Tsq = T**2             # Estimates for T^2
Tsq_error = 2*T*dT     # Errors for T^2, from error propagation rules

## Define an order-1 polynomial function, and use it to fit the data.
def f(x, b0, b1): return b0 + b1*x
est, covar = curve_fit(f, L, Tsq, sigma=Tsq_error)

## Estimators and their errors:
b0, b1 = est               # Estimates of intercept and slope
db0 = sqrt(covar[0,0])     # Standard error of intercept
db1 = sqrt(covar[1,1])     # Standard error of slope

g = 4*pi*pi/b1             # Estimate for g (computed from b1)
dg = (g/b1)*db1            # Estimate for standard error of g

## Plot the data points, with error bars
import matplotlib.pyplot as plt
plt.errorbar(L, Tsq, xerr=dL, yerr=Tsq_error, fmt=’o’)
plt.xlabel(’Pendulum length L (m)’, fontsize=12)
plt.ylabel(’Squared period T^2 (s^2)’, fontsize=12)
## Include the fitted curve in the plot
L2 = linspace(0, 0.7, 100)
plt.plot(L2, b0 + b1*L2)
## State fitted value of g in the figure title
plt.title("g = {:.1f} +/- {:.1f} m/s^2".format(g, dg), fontsize=12)
plt.show()

The resulting plot looks like this:

Sample Matlab program

Here is a sample Matlab program for weighted linear least squares curve fitting. It uses the glmfit function from Matlab’s Statistics Toolbox.

L  = [0.10, 0.16, 0.22, 0.28, 0.34, 0.40, 0.46, 0.52, 0.58, 0.64];
dL = [0.01, 0.01, 0.01, 0.01, 0.01, 0.01, 0.01, 0.01, 0.01, 0.01];
T  = [0.71, 0.76, 0.91, 1.00, 1.20, 1.14, 1.44, 1.40, 1.53, 1.58];
dT = [0.05, 0.05, 0.05, 0.05, 0.05, 0.05, 0.05, 0.05, 0.05, 0.05];

Tsq = T.^2;              % Estimates for T^2
Tsq_error = 2*T.*dT;     % Errors for T^2, from error propagation rules

%% Fit L and Tsq with weighted linear least squares
wt = 1 ./ (Tsq_error.^2);     % Vector of weights
[est, dev, stats] = glmfit(L, Tsq, ’normal’, ’weights’, wt);

%% Estimators and their errors:
b0 = est(1);               % Estimate of intercept
b1 = est(2);               % Estimate of slope
db0 = stats.se(1);         % Standard error of intercept
db1 = stats.se(2);         % Standard error of slope

g = 4*pi*pi/b1;            % Estimate for g (computed from b1)
dg = (g/b1)*db1;           % Estimate for standard error of g

%% Plot the data points and fitted curve
errorbar(L, Tsq, Tsq_error, Tsq_error, dL, dL, "o");
xlabel("Pendulum length L (m)");
ylabel("Squared period T^2 (s^2)");
%% State the fitted value of g in the figure
title(sprintf("g = %.1f +/- %.1f m/s^2", g, dg));
%% Plot the fitted curve
L2 = linspace(0, 0.7, 100);
hold on; plot(L2, b0 + b1*L2); hold off;

The resulting plot looks like this:

Curve fitting with Origin

The procedure for curve fitting with Origin is summarized below. For more details, consult the Origin online documentation.

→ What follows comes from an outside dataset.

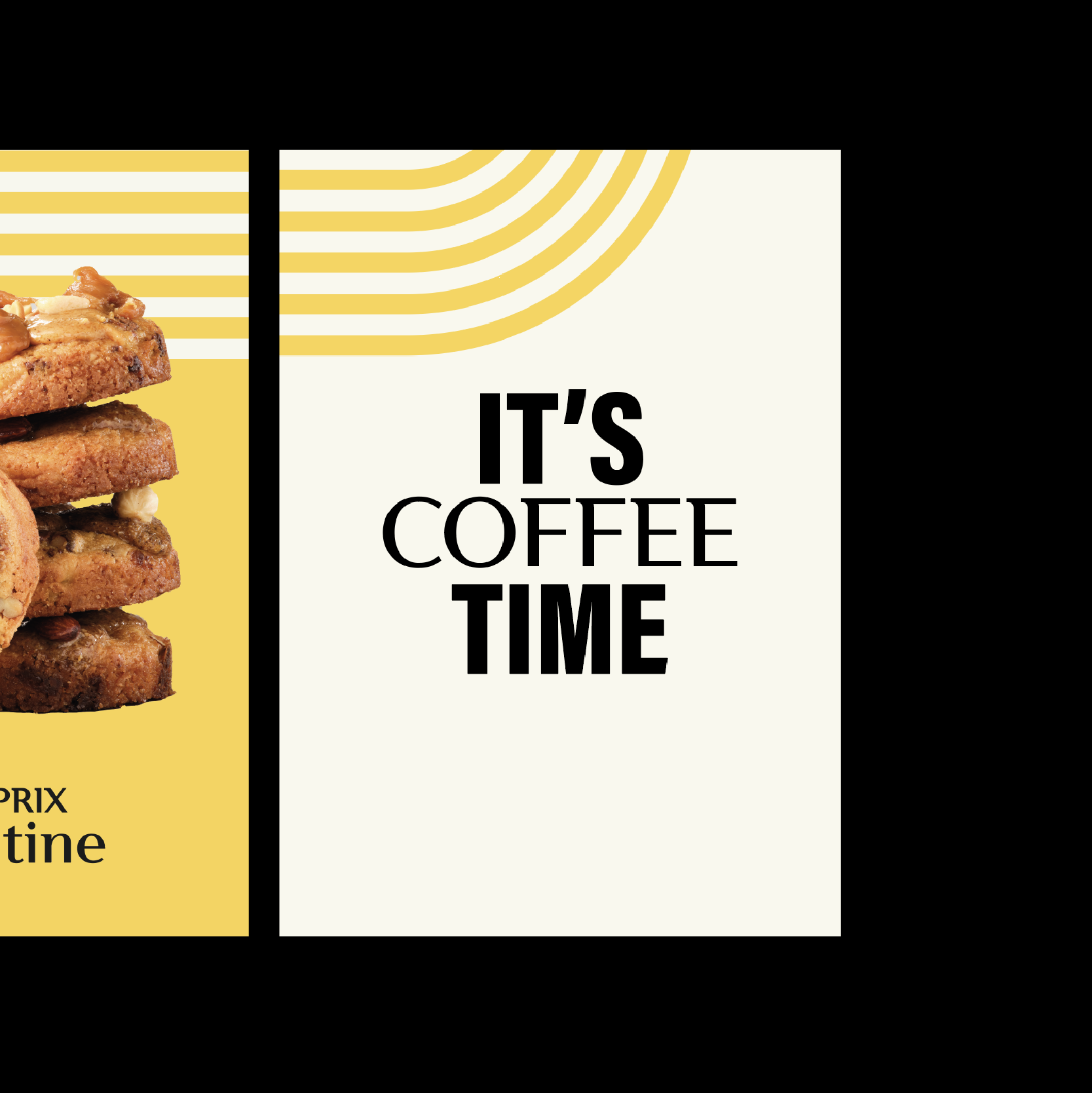 Trois affiches de la cantine Monoprix « Meet and eat », « It's coffee time » et cookies aux noix de pécan sur fond jaune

Populate a worksheet with columns for (i) \(X\), (ii) \(Y\), and (iii) \(\Delta Y\). You can enter the numbers manually, or import them from an external file.
Select the menu item Plot→Symbol→ Scatter. Click on the appropriate boxes to specify (i) which column to use for the horizontal (\(X\)) variable, (ii) which column to use for the vertical (\(Y\)) variable, and (iii) which column to use for the error \(\Delta Y\).
Select the menu item Analysis→ Fitting→Linear Fit. In the dialog box, check that the right fitting options are entered. Under Under Fit Control→ Errors as Weight, ensure that the Instrumental option is chosen. This corresponds to the standard weighting scheme from Section 1.4. Once ready, perform the fit.
The fitted curve will be inserted automatically into the graph. By default, a Fit Results table is also automatically added; you can click-and-drag to move or resize this table, and double-click to edit its contents.

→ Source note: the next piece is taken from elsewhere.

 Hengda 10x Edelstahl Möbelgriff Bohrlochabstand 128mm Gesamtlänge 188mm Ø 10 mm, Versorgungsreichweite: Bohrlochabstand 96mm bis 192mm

By default, Origin makes the table too small to be legible, so you ought to increase the size. Also, you should omit any statistical quantities listed in this table that are not relevant to your data analysis (e.g., the Pearson’s \(r\)). Finally, you still need to convert the estimators into whatever quantities you are ultimately interested in (such as \(g\)).

The resulting plot looks like this:

[1] I. G. Hughes and T. P. A. Hase, Measurements and their uncertainties (Oxford University Press, 2010).